ALICE MARIE

*How has music inspired you?
*Who are your musical inspirations?

*Has music helped you through a difficult or traumatic time in your life?

My first musical memory was riding along in the backseat of my mother's
Plymouth hearing Minnie Riperton coo "Loving You," and even if I wasn't old
enough to articulate wistfulness and desire, I was able to feel that in her
voice. My kindergarten soul somehow grasped that music speaks in a
 language that's not age-restricted! And later when I was seven and having a
difficult, confusing year, Olivia Newton-John's records were a refuge for
me. Not just Grease (although that introduced me to her), but her whole
catalogue, whose lyrics I transcribed religiously and quite erroneously, I
might add! Words were obviously important to me then and they've only
 become more so.

Later on, Stevie Nicks, Kate Bush, and Tori Amos would be key "mentors"
 for me  Not to say chaps like Sting, Bryan Ferry, Neil and Tim Finn, and
 Vivaldi weren't on my radar, but the women definitely called out to me and
 took me by the hand.

*Are there any CD's or songs which are meaningful to you?

Kate Bush's Hounds of Love is a perfect album. The haunting ambience she
sustains throughout it inspires me again and again. So much of her work was
risk-taking. I wish she'd come out of her little English cottage and wow us
with some more. Roxy Music's Avalon is another perfect album I never tire
 of listening to. And of course, Rumors can't be left out. "The Chain" and
 "Gold Dust Woman" are sexy and haunting. Can't beat that combo!

And I cannot neglect to mention books, the art form that fills my well. I
read lots of nonfiction mostly metaphysical material like Julia Cameron's
The Artist's Way and Caroline Myss' Sacred Contracts. But I also love a
 good gothic novel. I'm currently into Carol Goodman, but I remember being
 really into Daphne DuMaurier's Rebecca back in eighth grade, when
 shadows are particularly seductive.

*How did you get into the music business?

I suppose once you sell your CD's and perform publicly, you're in the
business, but as an indie with a spate of past lives' I was an English
teacher, magazine editor, freelance writer, and television producer before I
recorded my "closet songs".  I remain detached from it in a healthy way.
Equilibrium, my first commercial EP, was released in 2002, but I've been
performing since I was a kid and writing songs for 13 years now. I keep a
quote from songwriter Steve Seskin near me, and I think it encompasses my
approach to the business: Get your music out into the Universe any way you
can.

*Discuss the creative or songwriting process

I think it was Ray Bradbury who compares creativity to a cat. You cannot
smother it or give it too much attention, or else it hides from you. But you
do need to hang out in the same room nonchalantly of course and make
your lap as inviting as possible. The cat will notice you and eventually
make you both (and whoever witnesses your lovefest) purr.
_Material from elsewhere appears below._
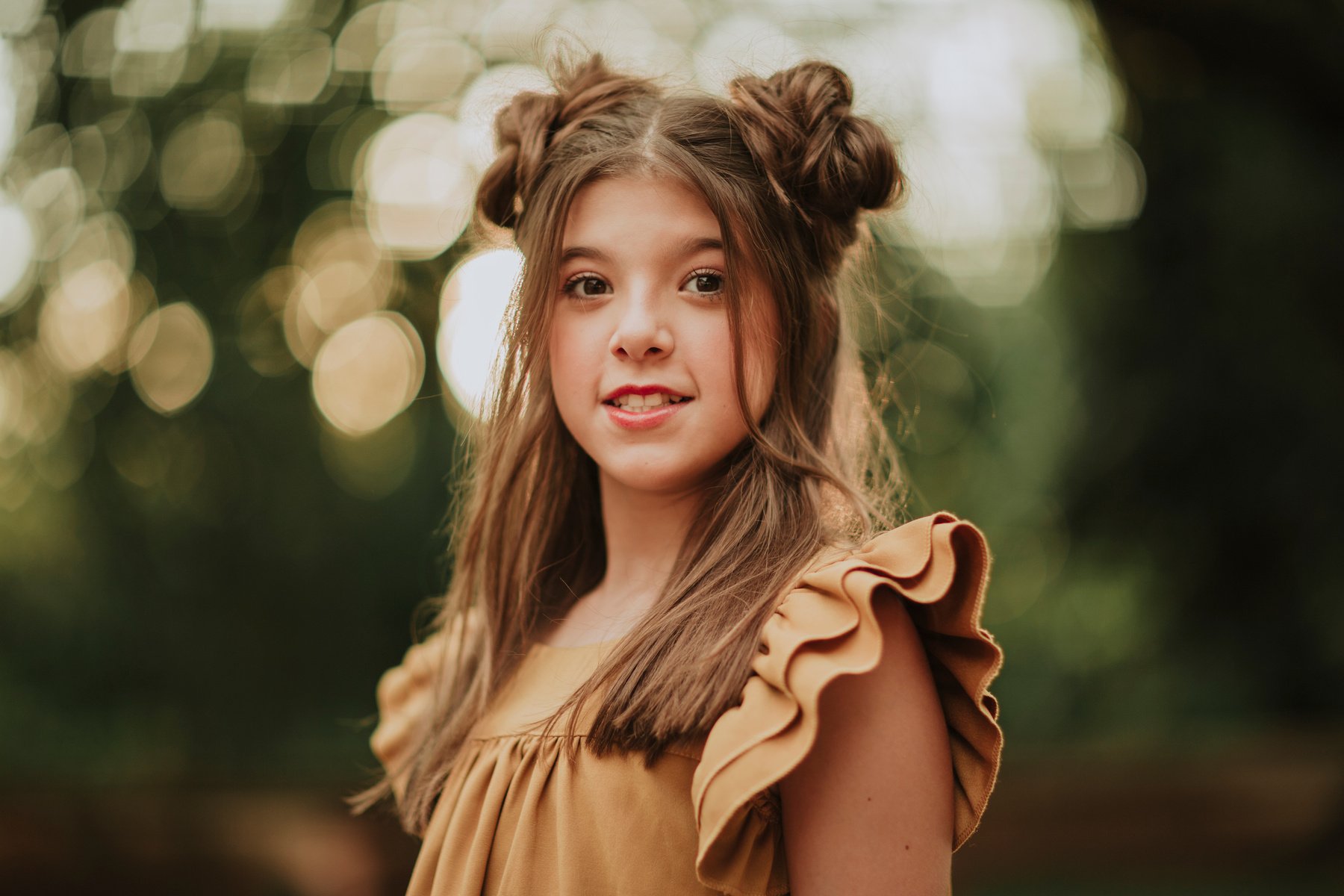 Stylish teen girl smiling at camera in green park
All creativity is about being available. Making time, carving out "white
space" in an otherwise dense schedule, keeping notebooks and recording
devices handy. Staying open during the mundane tasks. Knowing when it's
 time to take a walk. Knowing when it's time to turn off the phone, get off the
computer, and tune in to your muses. For the record, I like to think of
having a whole team of muses that can back each other up when one is on
vacation or has mono. A muse with mono can leave you hanging for a long
time!

*Discuss your feelings about the powerful or life-changing effects that your music can have on a person

It's pretty much impossible (and maybe even dangerous) to assess the impact
of your music on other people (specific feedback is wonderful, of course,
but only one part of the picture). I can speak for myself, though, and say
that writing and performing have changed my life many times over and healed
places I didn't know were still hurting. It comes back to that transcendent
quality I sensed back in my mother's car. Songs have a way of distilling
complicated thoughts and feelings and getting past your mental barriers to a
level where real healing can take place. And sometimes just the act itself
of sharing your art gives someone else the permission to explore their own
art, and well, that's why we're here, right?

www.alicemariesreveries.com/     CDBaby.com     www.myspace.com/

CHARLOTTE MARTIN

*How has music inspired you? Your musical inspirations? --

Music is the one thing I both understand and don’t understand and that’s what keeps me interested. My musical inspirations range from Bach to The Cure to Kate Bush.

*Has music helped you through a difficult or traumatic time in your life?

Yes, especially through growing up and moving to LA

*Any meaningful CDs or songs?

Disintegration  by The Cure

*How did you get into the music business?

I moved to LA. It’s hard to get away from it here.

*Discuss the creative or songwriting process --
 
It’s different every time-I write in journals every day which are where    most of lyrics come from.

Charlotte Martin

“…Take it as it comes and take me as I am…”
“Every Time It Rains”

It was only four songs in length and built on delicate piano-based arrangements, but Charlotte Martin delivered 2003’s In Parentheses with electrifying intensity. Provocative and intimate, the EP offered a keyhole peep into her recorded diary and garnered rave reviews for its confessional storytelling, emotional resonance and mesmerizing vocal melodies. Details described her as “a seductive performer” and “a skilled lyricist who writes with surgical precision.” The New York Times and The Boston Globe praised her riveting live show, and Interview called her “an impressive newcomer” with an “unforgettable display of emotions.”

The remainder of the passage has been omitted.